### Your task
Copy the data below exactly. Any pictures in it should be omitted.

### Recorded data
· · · · · · ·
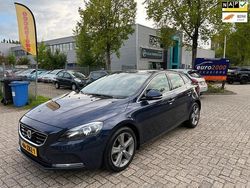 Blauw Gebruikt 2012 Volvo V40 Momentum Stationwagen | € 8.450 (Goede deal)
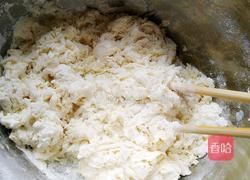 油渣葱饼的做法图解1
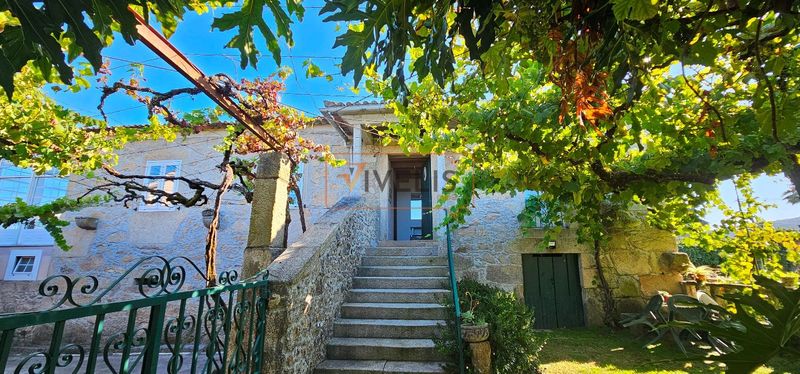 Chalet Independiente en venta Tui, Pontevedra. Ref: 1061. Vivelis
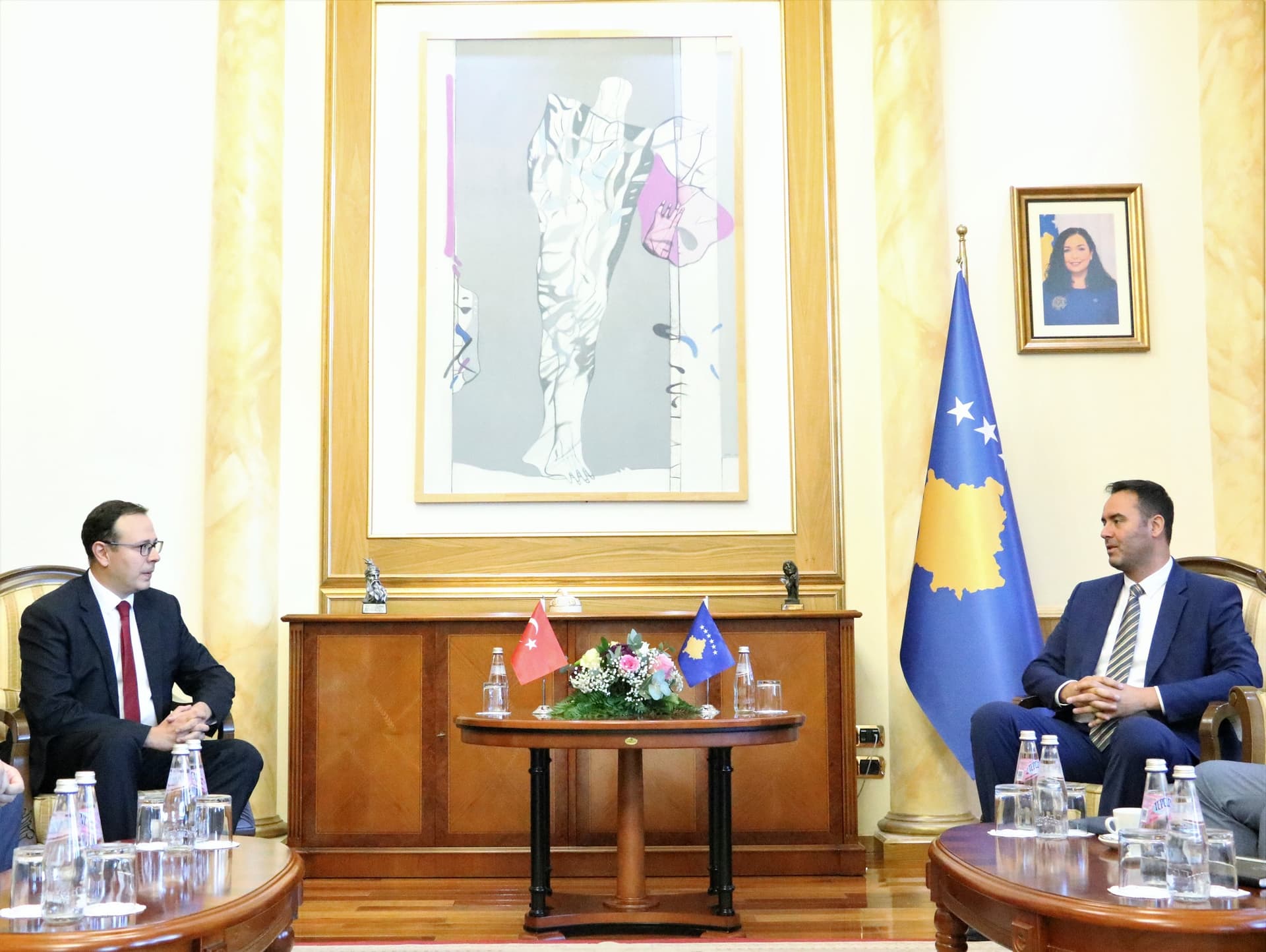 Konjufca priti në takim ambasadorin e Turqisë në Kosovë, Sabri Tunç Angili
· · · · · · ·
### Answer for this exercise
 Blauw Gebruikt 2012 Volvo V40 Momentum Stationwagen | € 8.450 (Goede deal)
 油渣葱饼的做法图解1
 Chalet Independiente en venta Tui, Pontevedra. Ref: 1061. Vivelis
 Konjufca priti në takim ambasadorin e Turqisë në Kosovë, Sabri Tunç Angili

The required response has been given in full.